_TASK GOAL_: Below are entries; copy exactly the lines from the one with "大家来K歌截图3 大家来K歌截图3" through the one with "1. 区块链的基本概念", both included, and leave out the rest.

_MATERIALS PROVIDED_:
•••
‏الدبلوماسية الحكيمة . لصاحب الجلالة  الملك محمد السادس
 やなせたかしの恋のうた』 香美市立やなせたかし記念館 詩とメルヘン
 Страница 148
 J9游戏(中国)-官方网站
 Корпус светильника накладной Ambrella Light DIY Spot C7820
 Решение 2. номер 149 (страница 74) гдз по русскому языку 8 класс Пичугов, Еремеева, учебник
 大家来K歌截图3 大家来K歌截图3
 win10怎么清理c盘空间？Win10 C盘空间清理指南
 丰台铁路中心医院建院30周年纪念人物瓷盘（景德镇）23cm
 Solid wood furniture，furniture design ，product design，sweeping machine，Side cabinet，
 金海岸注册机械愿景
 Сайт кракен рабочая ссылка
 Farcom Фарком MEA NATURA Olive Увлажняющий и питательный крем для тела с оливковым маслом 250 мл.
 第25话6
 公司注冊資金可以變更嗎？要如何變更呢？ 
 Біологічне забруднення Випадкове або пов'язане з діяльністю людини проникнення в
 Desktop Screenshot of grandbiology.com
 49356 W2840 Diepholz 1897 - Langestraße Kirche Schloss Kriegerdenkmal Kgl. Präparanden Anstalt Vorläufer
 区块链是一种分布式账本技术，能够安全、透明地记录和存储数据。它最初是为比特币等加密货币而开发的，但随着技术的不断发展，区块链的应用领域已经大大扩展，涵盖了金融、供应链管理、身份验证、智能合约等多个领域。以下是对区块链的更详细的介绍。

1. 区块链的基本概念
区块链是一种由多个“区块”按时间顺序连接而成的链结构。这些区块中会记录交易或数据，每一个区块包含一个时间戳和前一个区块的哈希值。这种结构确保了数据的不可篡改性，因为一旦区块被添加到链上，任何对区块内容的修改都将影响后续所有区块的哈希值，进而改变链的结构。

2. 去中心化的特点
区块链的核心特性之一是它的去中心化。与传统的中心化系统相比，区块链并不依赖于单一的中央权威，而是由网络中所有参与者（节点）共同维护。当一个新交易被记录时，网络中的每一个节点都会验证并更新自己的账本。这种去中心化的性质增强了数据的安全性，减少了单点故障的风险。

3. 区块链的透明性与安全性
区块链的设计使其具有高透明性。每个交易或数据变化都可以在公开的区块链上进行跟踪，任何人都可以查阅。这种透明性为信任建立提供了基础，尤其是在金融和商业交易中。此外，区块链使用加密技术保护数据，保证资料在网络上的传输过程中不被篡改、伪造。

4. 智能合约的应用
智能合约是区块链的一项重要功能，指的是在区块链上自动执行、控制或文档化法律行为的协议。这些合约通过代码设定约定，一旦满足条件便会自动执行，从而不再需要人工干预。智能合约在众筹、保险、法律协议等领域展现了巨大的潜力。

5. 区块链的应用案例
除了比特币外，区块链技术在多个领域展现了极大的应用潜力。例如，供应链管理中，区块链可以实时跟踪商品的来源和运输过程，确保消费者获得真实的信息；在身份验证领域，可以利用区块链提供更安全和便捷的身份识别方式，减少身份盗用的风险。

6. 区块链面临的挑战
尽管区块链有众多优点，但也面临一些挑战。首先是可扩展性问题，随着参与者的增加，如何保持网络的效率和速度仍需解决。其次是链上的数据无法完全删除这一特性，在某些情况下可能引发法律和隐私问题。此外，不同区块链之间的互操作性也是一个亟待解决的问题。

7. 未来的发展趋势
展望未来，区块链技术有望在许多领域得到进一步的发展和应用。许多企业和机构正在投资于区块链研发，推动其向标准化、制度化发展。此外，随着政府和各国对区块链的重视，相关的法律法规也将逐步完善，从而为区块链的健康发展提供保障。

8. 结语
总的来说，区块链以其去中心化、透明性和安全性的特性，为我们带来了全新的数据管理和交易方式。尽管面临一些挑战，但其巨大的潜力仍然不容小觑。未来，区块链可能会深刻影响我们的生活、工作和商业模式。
•••
_ANSWER TO THE EXERCISE_:
 大家来K歌截图3 大家来K歌截图3
 win10怎么清理c盘空间？Win10 C盘空间清理指南
 丰台铁路中心医院建院30周年纪念人物瓷盘（景德镇）23cm
 Solid wood furniture，furniture design ，product design，sweeping machine，Side cabinet，
 金海岸注册机械愿景
 Сайт кракен рабочая ссылка
 Farcom Фарком MEA NATURA Olive Увлажняющий и питательный крем для тела с оливковым маслом 250 мл.
 第25话6
 公司注冊資金可以變更嗎？要如何變更呢？ 
 Біологічне забруднення Випадкове або пов'язане з діяльністю людини проникнення в
 Desktop Screenshot of grandbiology.com
 49356 W2840 Diepholz 1897 - Langestraße Kirche Schloss Kriegerdenkmal Kgl. Präparanden Anstalt Vorläufer
 区块链是一种分布式账本技术，能够安全、透明地记录和存储数据。它最初是为比特币等加密货币而开发的，但随着技术的不断发展，区块链的应用领域已经大大扩展，涵盖了金融、供应链管理、身份验证、智能合约等多个领域。以下是对区块链的更详细的介绍。

1. 区块链的基本概念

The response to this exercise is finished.